Before lashing out a lot of money or spending on something you are passionate about, it is normal to often question how long it will last. For the serious and dedicated gamers out there,
with something as easy to manufacture as mousepads, you will often come across mountains of cheap and poorly made mousepads which can be considered just total junk.
Obviously, it depends on what type of material your mousepad is made of to determine its lifespan. As you will find out, some materials are better than others:
Lycra Cloth Mousepads
Lycra is a fiber that is synthetic and made from polyurethane. Some people also refer to it as “Spandex”. Lycra as a material is well known for being strong and flexible, and it is often seen being used in skin-tight garments like bike shorts.

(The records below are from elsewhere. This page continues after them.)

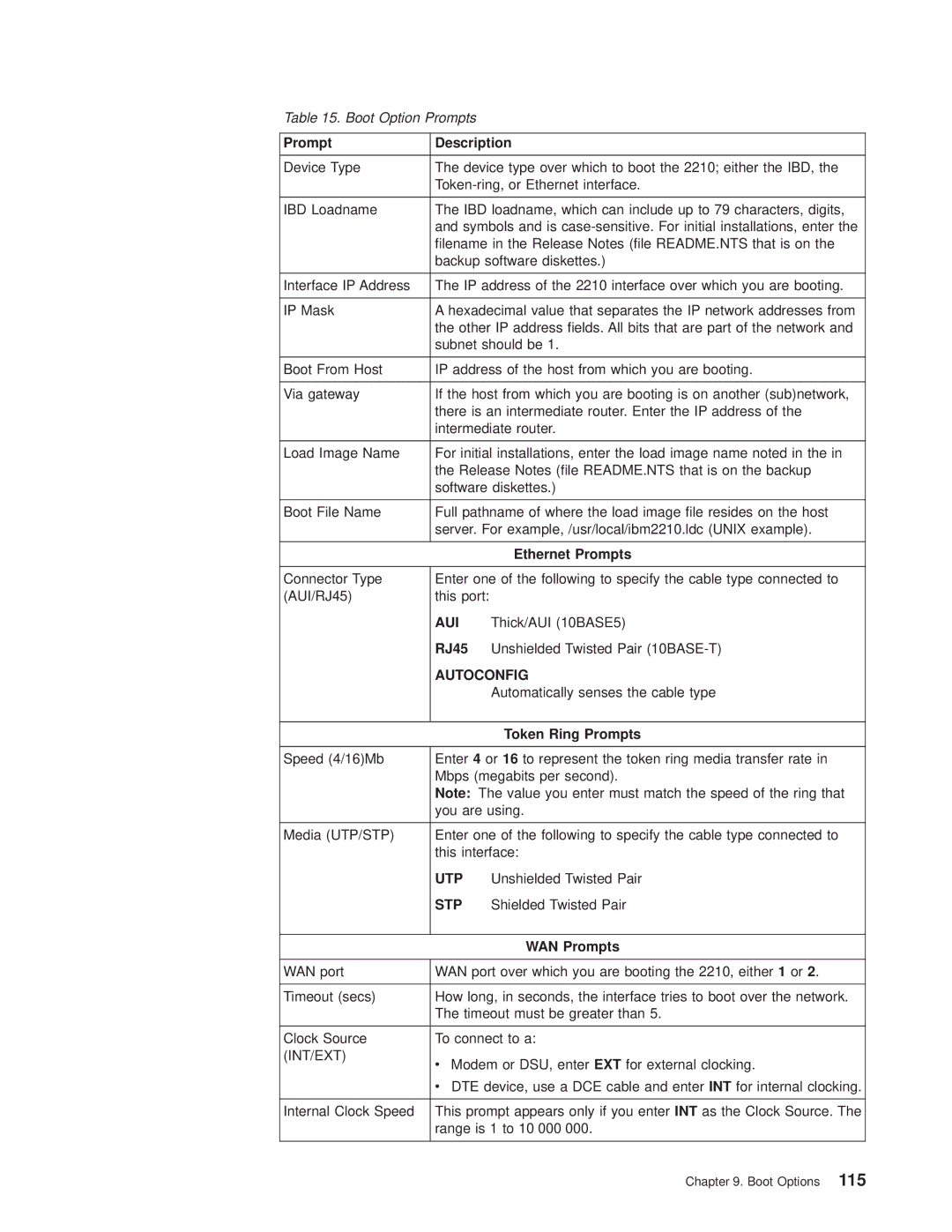 IBM SC30-3681-08 manual Boot Option Prompts, Prompt Description, Ethernet Prompts, Token Ring Prompts, WAN Prompts 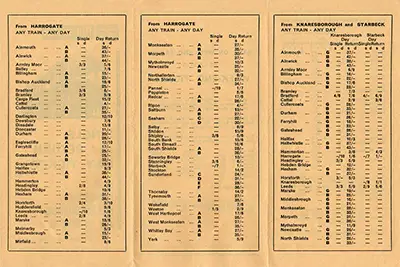 Fares from Harrogate January 1966 inside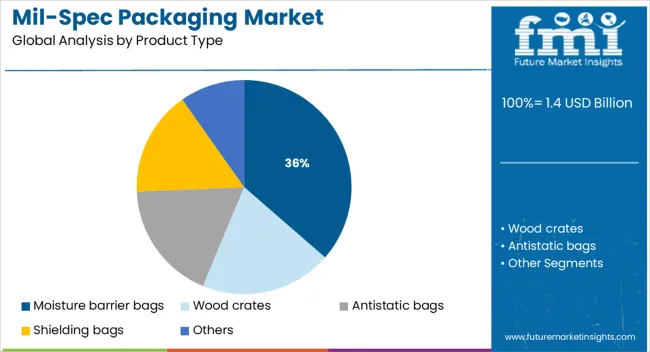 Mil Spec Packaging Market Analysis By Product Type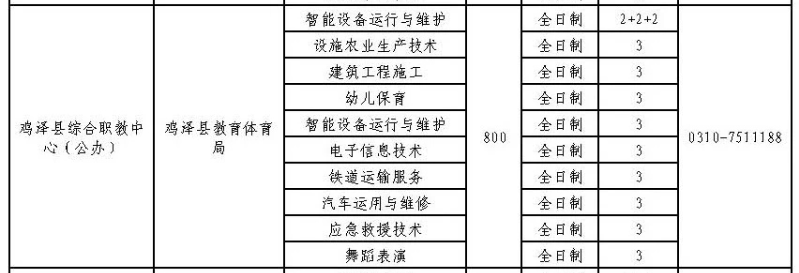 2024年雞澤縣綜合職教中心招生簡章 圖2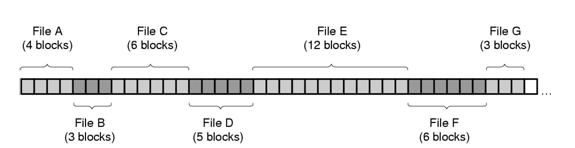 Υλοποίηση Αρχείων Συνεχής Κατανομή Συνεχής κατανομή του χώρου του δίσκου για 7 αρχεία * Κάθε αρχείο ξεκινάει στην αρχή ενός νέου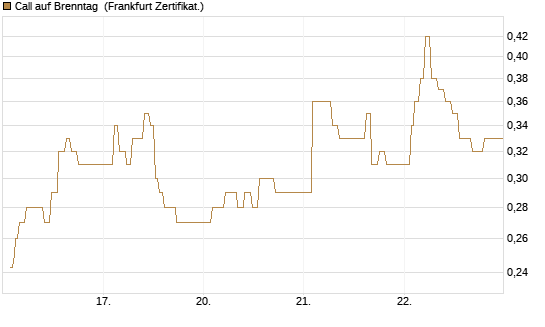 Call auf Brenntag [UBS AG (London)] Chart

Mousepads that are made of lycra are often very pleasant to use because of how smooth they allow your mouse to glide around. Lycra is often used in large mousemats because a lot of people like using their mouse with large glides and strides when using the material.
Because of how flexible and stretchy in nature lycra is, this can mean that it might not last very long, especially if you go for a cheap and low-quality alternative. The edges of the mousepad in particular will start to fray and lose shape if made of Lycra.
Overall, it really does depend on the initial quality of the mousepad, so anywhere between 7 months to a couple of years is when you should start to see a loss of quality.
Although not quite as mentioned as other types of mousepads, there has been a noticeable niche of gamers deciding to use cork material mousepads because of the precision that they bring, with cork being such a grippy material.
Compared to softer and more fabric-like materials, cork will unsurprisingly hold up a lot better. However, cork is really dependent on how harsh your mouse is. For example, if you use a mouse that is quite cheap and rough and does not have a lot of natural protection underneath - then expect the cork to start to lose durability very quickly.
Expect cork to last longer, usually around 4+ years. Again, the actual way that you physically use the mouse determines how quickly the cork material will quite literally chip away.
If you are totally into the idea of minimalism and like a real cold and harsh industrial look, then you should definitely be aware of the world of aluminum mousepads.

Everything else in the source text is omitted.